Tuesday, September 29, 2009

Americans Fail Long Term Care Insurance Planning Quiz

When it comes to knowledge about long-term care insurance planning, Americans once again received a failing grade.

Long-term care poses the single largest risk to Americans living on retirement savings and income according to the American Association for Long-Term Care Insurance, the industry trade group. Yet, few consumers have the facts correct when it comes to understanding available planning options.

As the U.S. population ages, the percentage of people older than 65 will increase from about 13% in 2009 to 20% in 2040. Part of the projected increase is due to an increased life expectancy beyond age 65. After retirement health insurance and Medicare provide very little long-term care benefit, if any, according to financial planning professionals.

The results of a just-released national study of individuals between 40 and 70, most reported knowing what long-term care is and how much it costs. But their scores fall short when it comes to knowing what percentage of people will need long-term care and how they will pay for it. According to the study conducted by the MetLife Mature Market Institute, just about four in ten adults (36%) know that 60-to-70 percent of 65-year-olds will require long-term care services at some point in their lives. Just over one-third knew that most long-term care services are received at home.

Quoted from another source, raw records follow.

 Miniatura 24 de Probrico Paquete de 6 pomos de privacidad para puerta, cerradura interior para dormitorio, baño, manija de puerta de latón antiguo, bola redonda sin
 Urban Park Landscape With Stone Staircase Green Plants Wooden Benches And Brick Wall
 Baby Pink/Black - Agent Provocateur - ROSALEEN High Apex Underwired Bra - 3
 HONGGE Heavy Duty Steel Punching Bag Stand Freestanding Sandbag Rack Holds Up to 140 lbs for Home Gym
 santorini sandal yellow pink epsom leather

While the number of respondents answering correctly (37%) increased since the 2004 survey (18%), awareness is low overall.Few participants in the survey reported that they are taking action to protect themselves from such potentially catastrophic expenses; only 18% know long-term care insurance rates are based on age, but almost nine in ten (87%) are aware that a comprehensive long-term care policy covers home, assisted living and nursing home care.

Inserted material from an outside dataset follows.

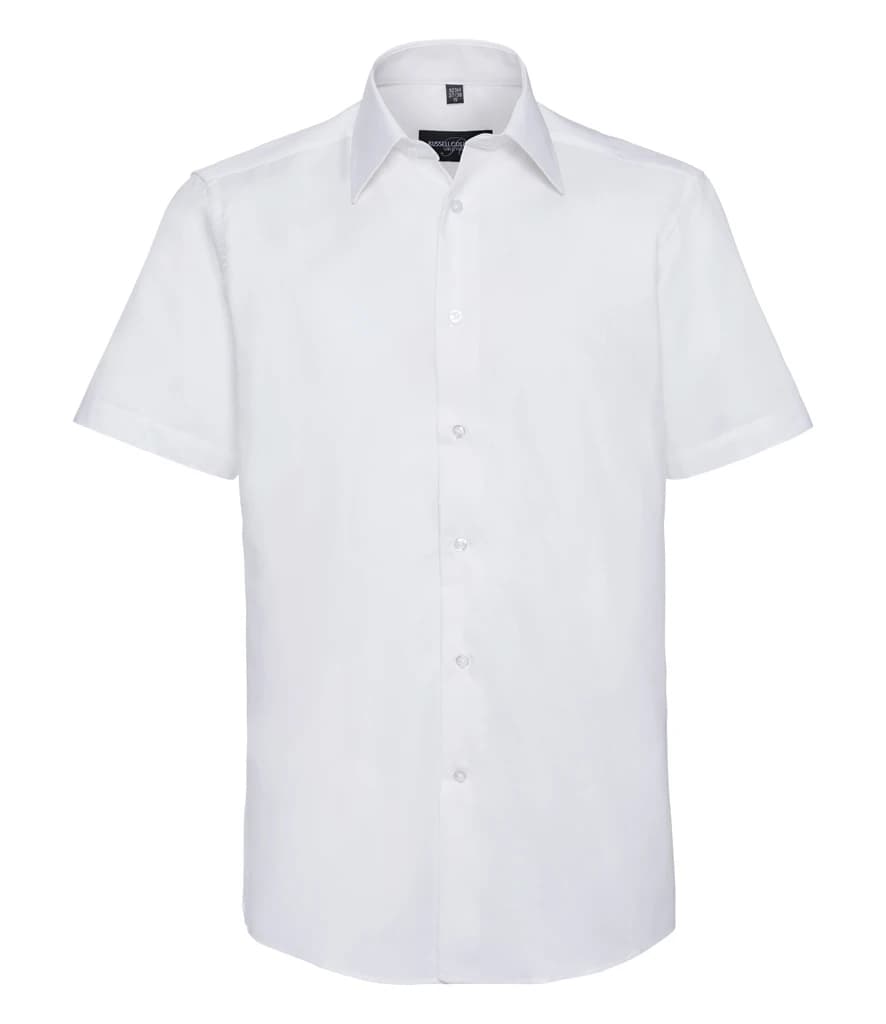 Russell Athletic Collection Short Sleeve Tailored Oxford Shirt — front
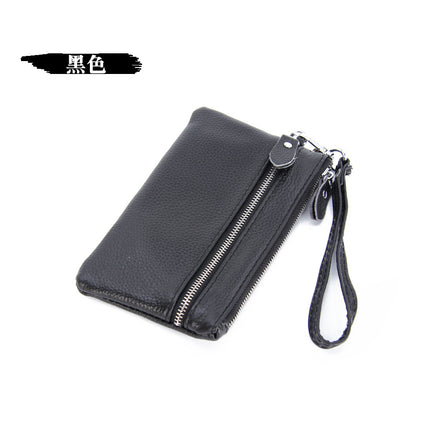 Ultra-Thin Genuine Leather Women's Clutch Korean Version Versatile Mobile Phone Bag First Layer Cowhide Zipper Wrist Bag Long Wallet for Women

The survey also reported that eight in ten respondents (85%) understand that long-term care could have many causes, such as Alzheimer's disease, an accident or a chronic or disabling condition. More than four in ten (43%) are able to correctly identify the national average monthly cost for assisted living.

For more information on long-term care insurance, visit the Association's Consumer Information Center where you can read the organization's free guide on reducing the cost of long-term care insurance. Click here to read the guide.

Thursday, September 24, 2009

Long Term Care Insurance Marketing Tools Available

November is national Long-Term Care Awareness Month, an outstanding opportunity for insurance and financial professionals to communicate with clients and prospects about this important protection.

The American Association for Long-Term Care Insurance, the industry's professional trade organization, has created a variety of marketing tools for use by agents and brokers. The tools consist of a direct mail letter to be sent to prospects as well as an E-card that can be personalized and E-mailed by the agent. The E-card is private so that only the recipient is notified and can directly reply back to the sending agent. These tools are available free of charge for use by all agents via the Association's website. Click here to access the free marketing tools:

In addition, a number of special tools have been created for use by Association members. These include a press release that can be personalized with the agent's information and distributed to local media. A letter for mailing to secure radio interviews is also available within the Association's Online Learning, Marketing & Sales Center.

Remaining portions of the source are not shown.